Blaming “victimhood culture” ignores plight of the underprivileged


Arthur Brooks’s column, published late last month in The New York Times, pulled no punches in criticizing inaction by policymakers and activists on both sides of the political spectrum. He claimed American society has fallen to “victimhood culture,” in which leaders are too busy fighting over their status as under attack to engage in productive discussions about policy solutions.

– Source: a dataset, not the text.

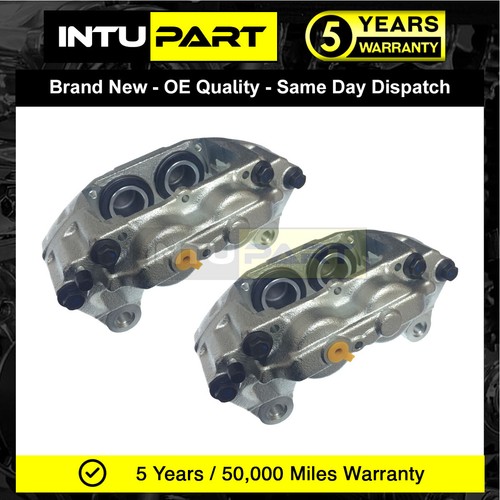 Intupart pair front left - pair,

Brooks’s concerns aren’t unique; over the past year, discussions over victimhood have become a common issue, especially in American universities. Misunderstandings over “safe spaces,” forums where marginalized groups can engage in meaningful dialogue without dominant stereotypes, have fractured student bodies at universities like the University of Missouri and Claremont McKenna College. Political candidates are consistently accused of tapping into middle and lower-class Americans’ resentment of social inequality and instilling fires of political revolution. It’s not hard to view American politics as, in his words, a “grievance industry.”

Brooks’s complaints, however, fail to provide a solution and downplay the concerns of real victims behind his overarching commentary on victimhood culture. Similarly, rhetoric about victimhood culture neglects harsh political realities where marginalized students are granted less respect. Steps toward healing must begin with a recognition of victims’ stories, not a criticism of their tone.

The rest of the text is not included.